The game was scoreless until the bottom of the sixth, when Jackson sophomore Rachel Sysum reached on a one-out single up the middle and advanced to second on a sacrifice bunt.
The left-handed-hitting Thomsen then pulled a two-run homer over the right-center field fence, giving the Timberwolves a 2-0 lead.
It was Thomsen’s team-leading 10th homer of the season, including her third in the past four games.
“That was huge,” Peacocke said. “… She squared one up, and she’s been solid for us all year.”
But just when it seemed like Jackson (20-2) had broken through, the Spartans answered right back.
In the top of the seventh, Skyline junior Finley Caringer lined a leadoff double that landed just inside the left-field line. Two batters later, junior Macen Staley blasted a two-run opposite-field homer over the right-field fence to tie the game at 2-2.
In the top of the eighth, Thomsen faced a first-and-second jam after entering in relief and hitting the first batter she faced. But she quickly settled in, striking out the next two hitters with offspeed pitches to keep the game tied.
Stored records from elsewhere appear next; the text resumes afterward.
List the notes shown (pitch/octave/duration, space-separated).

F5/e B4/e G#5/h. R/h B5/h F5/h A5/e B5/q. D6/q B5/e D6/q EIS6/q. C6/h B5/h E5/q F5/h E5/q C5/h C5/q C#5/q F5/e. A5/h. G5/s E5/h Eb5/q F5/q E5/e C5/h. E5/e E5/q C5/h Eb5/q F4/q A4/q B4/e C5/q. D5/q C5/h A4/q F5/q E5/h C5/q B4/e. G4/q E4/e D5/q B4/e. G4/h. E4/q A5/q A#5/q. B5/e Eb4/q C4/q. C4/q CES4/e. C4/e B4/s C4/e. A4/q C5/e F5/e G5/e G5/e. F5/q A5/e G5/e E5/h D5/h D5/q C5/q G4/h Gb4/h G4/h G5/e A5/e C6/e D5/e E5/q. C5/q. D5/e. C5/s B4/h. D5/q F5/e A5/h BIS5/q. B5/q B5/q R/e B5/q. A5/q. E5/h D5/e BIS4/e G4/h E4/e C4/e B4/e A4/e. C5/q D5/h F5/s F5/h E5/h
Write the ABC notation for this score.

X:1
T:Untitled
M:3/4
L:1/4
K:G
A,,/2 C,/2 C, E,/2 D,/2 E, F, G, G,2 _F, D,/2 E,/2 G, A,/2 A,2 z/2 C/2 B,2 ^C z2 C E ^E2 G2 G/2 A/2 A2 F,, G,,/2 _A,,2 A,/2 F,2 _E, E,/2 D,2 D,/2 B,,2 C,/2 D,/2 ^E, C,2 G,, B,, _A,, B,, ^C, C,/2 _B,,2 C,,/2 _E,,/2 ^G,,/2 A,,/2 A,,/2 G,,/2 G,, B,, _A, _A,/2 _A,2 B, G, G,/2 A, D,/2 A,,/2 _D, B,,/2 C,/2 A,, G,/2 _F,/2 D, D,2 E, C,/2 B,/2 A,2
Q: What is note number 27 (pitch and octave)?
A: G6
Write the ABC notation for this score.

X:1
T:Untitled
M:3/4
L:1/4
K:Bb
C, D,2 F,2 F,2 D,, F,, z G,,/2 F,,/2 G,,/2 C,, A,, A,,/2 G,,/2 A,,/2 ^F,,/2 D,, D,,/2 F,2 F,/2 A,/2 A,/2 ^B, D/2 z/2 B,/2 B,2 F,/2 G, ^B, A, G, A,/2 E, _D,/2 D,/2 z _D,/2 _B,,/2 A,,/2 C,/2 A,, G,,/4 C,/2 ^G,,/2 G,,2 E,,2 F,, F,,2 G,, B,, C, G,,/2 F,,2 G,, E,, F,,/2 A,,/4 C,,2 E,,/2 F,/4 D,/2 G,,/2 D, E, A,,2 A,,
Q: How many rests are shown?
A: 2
Beginning in the ninth, both teams started each half-inning with a runner on second base, per the international tiebreaker rule.
Neither team capitalized on its free runner in the ninth.
But in the top of the 10th, Skyline came through. Grace began the frame on second base and advanced to third on a passed ball. Lindsey Murai, the Spartans’ No. 9 hitter, then lined a go-ahead single into right field to bring home Grace for a 3-2 lead.
In the bottom of the 10th, Jackson advanced the potential tying run to third base on a leadoff sacrifice bunt. But Grace was unfazed, fanning the final two batters to seal the victory.
After Grace’s 24th and final punchout, her teammates rushed to the pitcher’s circle and mobbed her in celebration.
With the victory, Skyline (19-7) clinched its first state berth since 2016 and just its second in the past 16 full-length seasons.
Jackson dropped to the consolation bracket with the loss, but the two-time reigning 4A state champions still have two more chances to secure their sixth consecutive state trip.
The Timberwolves, who won the two most recent 4A state titles in 2018 and 2019, face Wesco 4A rival Lake Stevens in a non-elimination winner-to-state game at 4 p.m. Friday at Phil Johnson Ballfields. Lake Stevens handed Jackson its only other loss of the season.
The loser of that game then gets one more chance to reach state, when it faces either Redmond or Inglemoor at 6 p.m. Friday in a winner-to-state, loser-out contest.
“We just told them we’ve gotta have a short memory,” Peacocke said. “We have one day of practice to kind of regroup and get ourselves ready to go.”